A great growth lamp that looks absurdly cheap

A great growth lamp that looks absurdly cheap

3 minutes, 24 seconds Read

Don’t be afraid to nibble on shares of large growth companies, even if the price profit (p/e) is a bit on the high side of the range. Undoubtedly, buying shares high with the hope of selling higher can certainly ensure that someone plays the game of Greater Fools (based on the Greater Fool theory; note the lower case “F”).

However, if you are done with the homework and believe that the current appreciation is not good for a pick-up in profit growth, you might be able to look at a growth company that can outgrow its multiple.

Indeed, a degree of multiple expansion is to be expected prior to such an expected compression. But the degree of it is unknown. In any case, the emphasis should be on evaluating the growth story and projecting at what level of certainty a company will be able to actually achieve the profit. It is one thing to have a great growth tongue, but it is something else to have the performance to let that story come to life.

In the current market, the big question is whether or not all this AI investment (some of the SPE or notIn my opinion, Ning van de Mag gets a bit out of hand) will enrich companies (higher sales and margins) at a rate that is acceptable to investors.

Indeed, if all these editions yield a miniscule return, you can bet that investors will not be happy and that they are more willing to press the sales button, which will cause a kind of market correction or perhaps a mini-bur van a very small bubble. Personally, I don’t think AI has reached a full calling area. I rather think that there is some overvaluation and Overhype that could certainly pave the way for a mild bear market that is related to that in 2022.

Shopify

First, we have Shopify (TSX: Shop), a share that comes in after the last Blowout Quarter led to a huge rally to more than $ 200 per share. In an earlier piece I went more in detail in the beautiful quarter that, I thought, placed the company in the class of the Mag Seven Tech shares. Now for $ 193 and change, I think it’s time to buy something, especially with all the great things that the management does with generative AI. Moreover, I think that acquisitions can help Shopify to continue with its AI route map, because it seems to accelerate the value it offers to traders.

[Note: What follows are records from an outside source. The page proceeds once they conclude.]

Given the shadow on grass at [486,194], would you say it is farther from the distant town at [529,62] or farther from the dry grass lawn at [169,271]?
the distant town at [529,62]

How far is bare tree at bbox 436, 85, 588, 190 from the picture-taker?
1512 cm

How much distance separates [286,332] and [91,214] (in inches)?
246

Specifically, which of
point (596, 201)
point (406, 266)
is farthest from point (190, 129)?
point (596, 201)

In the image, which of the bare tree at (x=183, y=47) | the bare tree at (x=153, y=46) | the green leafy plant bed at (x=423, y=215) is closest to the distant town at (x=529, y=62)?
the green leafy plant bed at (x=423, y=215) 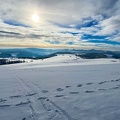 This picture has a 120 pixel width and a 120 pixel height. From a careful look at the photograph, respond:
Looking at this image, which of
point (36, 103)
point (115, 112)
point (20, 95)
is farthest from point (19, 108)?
point (115, 112)

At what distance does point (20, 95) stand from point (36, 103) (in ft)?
7.88

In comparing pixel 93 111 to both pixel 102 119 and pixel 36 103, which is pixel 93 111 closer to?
pixel 102 119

The company recently took over Molly Studio, which could help Shopify to increase its design options. Ai and design, I think, are the perfect match.

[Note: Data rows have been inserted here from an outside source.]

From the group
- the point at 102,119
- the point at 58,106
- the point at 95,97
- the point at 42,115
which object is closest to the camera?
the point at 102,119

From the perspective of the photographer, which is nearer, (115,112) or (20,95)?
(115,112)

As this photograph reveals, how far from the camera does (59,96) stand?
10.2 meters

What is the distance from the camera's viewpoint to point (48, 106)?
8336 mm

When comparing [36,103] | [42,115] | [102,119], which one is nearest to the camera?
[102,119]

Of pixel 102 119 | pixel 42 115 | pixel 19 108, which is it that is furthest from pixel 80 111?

Shopify already has so much talent on its AI and design teams. I think this latest acquisition on board brings even more expertise to help the company really benefit from the AI ​​revolution, perhaps in a more profitable way than the LLM makers of Large Language Model (LLM) itself. At the end of the day I like how Shopify AI will use and I think it will translate into real profit growth in the next three years.

Shop shares: Pricey, but at the same time cheap?

As for the LLM makers themselves, I cannot say that I have the confidence to call or large expenses are fruit or not. Anyway, I consider store stock as cheap, but expensive based on its 77.5 times behind price gain (p/e). Indeed, the share looked pricey, but it has turned out to be cheap, even when the orders of such a hefty multiples. That is the power of beautiful growth collects led by top managers. The best bosses of Shopify not only know AI, they also know how to apply it effectively. That is a real distinctive factor.

In my opinion it is less about which AI models are used, but how such intelligence is used that will determine the winners and losers of the next phase of the AI ​​race. At the moment, Shopify stands out as a clear winner and one that is certainly worth a high p/e.